“Smart Coach” Helps LLMs Switch Between Text and Code

Introduction to Large Language Models

Large language models (LLMs) are excellent at using textual reasoning to understand the context of a document and provide a logical answer about its contents. However, these same LLMs often struggle to correctly answer even the simplest math problems. Textual reasoning is usually a less-than-ideal way to deliberate over computational or algorithmic tasks. While some LLMs can generate code like Python to handle symbolic queries, the models don’t always know when to use code, or what kind of code would work best.

The Need for Guidance

LLMs, it seems, may need a coach to steer them toward the best technique. This is where CodeSteer comes in, a smart assistant developed by MIT researchers that guides an LLM to switch between code and text generation until it correctly answers a query. CodeSteer, itself a smaller LLM, automatically generates a series of prompts to iteratively steer a larger LLM. It reviews the model’s current and previous answers after each round and provides guidance for how it can fix or refine that solution until it deems the answer is correct.

How CodeSteer Works

The researchers found that augmenting a larger LLM with CodeSteer boosted its accuracy on symbolic tasks, like multiplying numbers, playing Sudoku, and stacking blocks, by more than 30 percent. CodeSteer works in conjunction with the larger LLM, first reviewing a query and determining whether text or code is suitable for this problem, and which sort of code would be best. Then it generates a prompt for the larger LLM, telling it to use a coding method or textual reasoning to answer the query.

Benefits of CodeSteer

The larger model follows this prompt to answer the query and sends the result back to CodeSteer, which reviews it. If the answer is not correct, CodeSteer will continue prompting the LLM to try different things that might fix the problem, such as incorporating a search algorithm or constraint into its Python code, until the answer is correct. This advance could improve the problem-solving capabilities of LLMs for complex tasks that are especially difficult to solve with textual reasoning alone, such as generating paths for robots in uncertain environments or scheduling shipments in an international supply chain.

Tackling Complex Tasks

As the researchers designed CodeSteer, they couldn’t find suitable symbolic datasets to fine-tune and test the model, since many existing benchmarks don’t point out whether a certain query could be best solved with text or code. So, they gathered a corpus of 37 complex symbolic tasks, including spatial reasoning, mathematics, order reasoning, and optimization, and built their own dataset, called SymBench. They implemented a fine-tuning approach that leverages SymBench to maximize the performance of CodeSteer.

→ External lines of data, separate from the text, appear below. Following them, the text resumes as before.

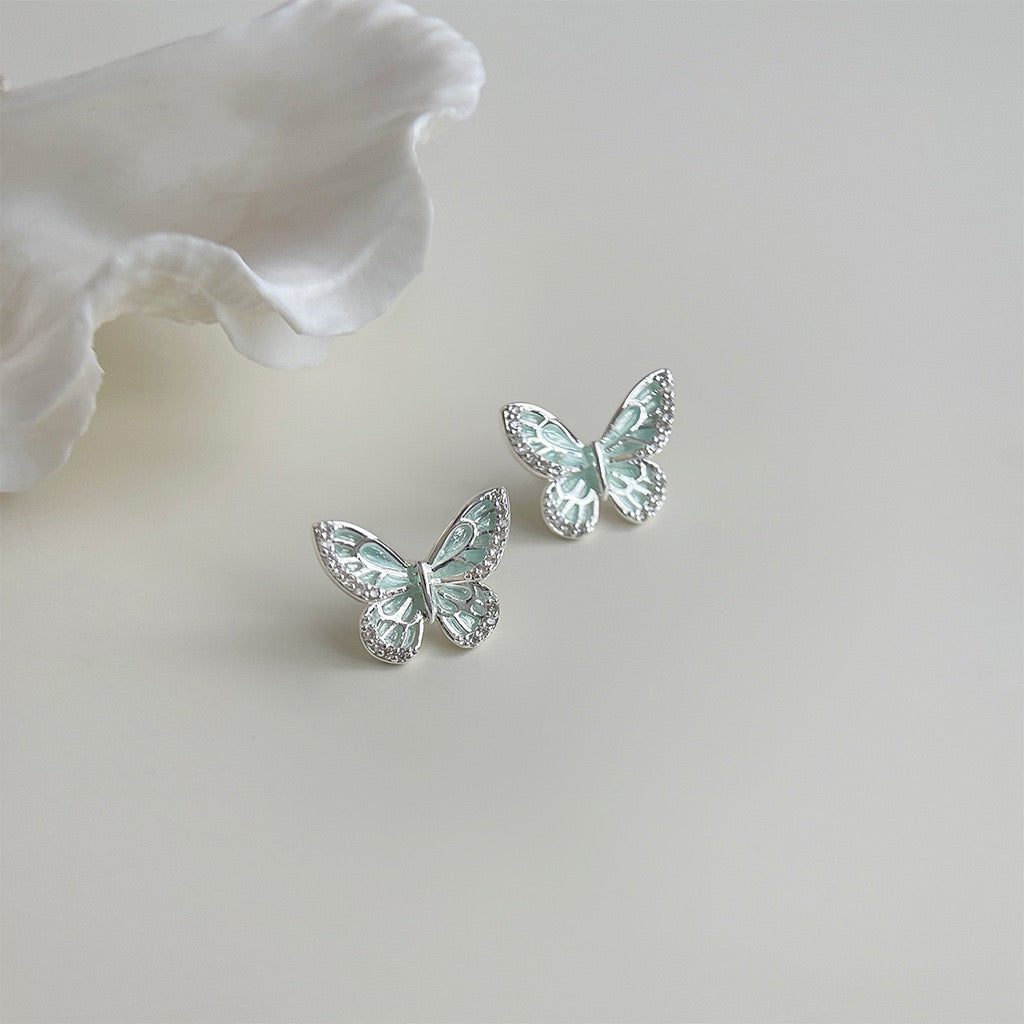 Mint Mambo Butterfly Studs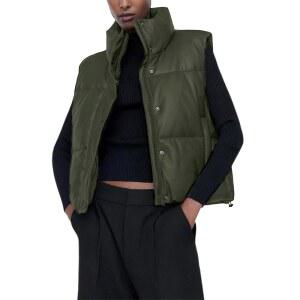 아일로칭 여성 인조 가죽 패딩 조끼 집업 민소매 겨울 크롭 재킷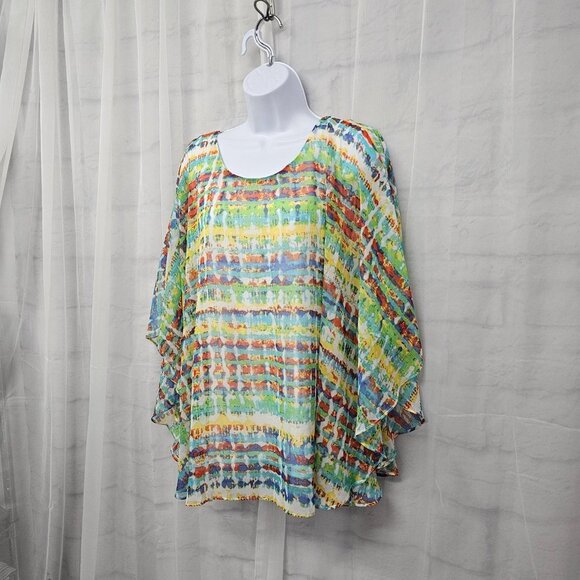 Signature Collection Green Blue Tie Dye Cape Blouse Boho Colorful Festival L - Picture 6 of 12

Results and Future Directions

In their experiments, CodeSteer outperformed all nine baseline methods they evaluated and boosted average accuracy from 53.3 percent to 86.4 percent. It maintains similar performance even on unseen tasks, and on a variety of LLMs. In addition, a general-purpose model augmented with CodeSteer can achieve higher accuracy than state-of-the-art models designed to focus on complex reasoning and planning, while requiring much less computation. The researchers want to streamline CodeSteer to speed up its iterative prompting process and study how to effectively fine-tune a unified model with the ability to switch between textual reasoning and code generation.

Conclusion

CodeSteer is a significant advancement in the field of large language models, as it enables LLMs to improve their problem-solving capabilities for complex tasks. By guiding LLMs to switch between code and text generation, CodeSteer can help LLMs achieve higher accuracy and efficiency. This technology has the potential to be applied to a wide range of tasks, from generating paths for robots to scheduling shipments in an international supply chain.

FAQs

Q: What is CodeSteer?
A: CodeSteer is a smart assistant developed by MIT researchers that guides a large language model (LLM) to switch between code and text generation until it correctly answers a query.
Q: How does CodeSteer work?
A: CodeSteer works in conjunction with a larger LLM, reviewing a query and determining whether text or code is suitable for the problem, and generating a prompt for the larger LLM to use a coding method or textual reasoning to answer the query.
Q: What are the benefits of CodeSteer?
A: CodeSteer can improve the problem-solving capabilities of LLMs for complex tasks, achieving higher accuracy and efficiency.
Q: What is SymBench?
A: SymBench is a dataset of 37 complex symbolic tasks, including spatial reasoning, mathematics, order reasoning, and optimization, built by the researchers to fine-tune and test CodeSteer.
Q: What are the future directions of CodeSteer?
A: The researchers want to streamline CodeSteer to speed up its iterative prompting process and study how to effectively fine-tune a unified model with the ability to switch between textual reasoning and code generation.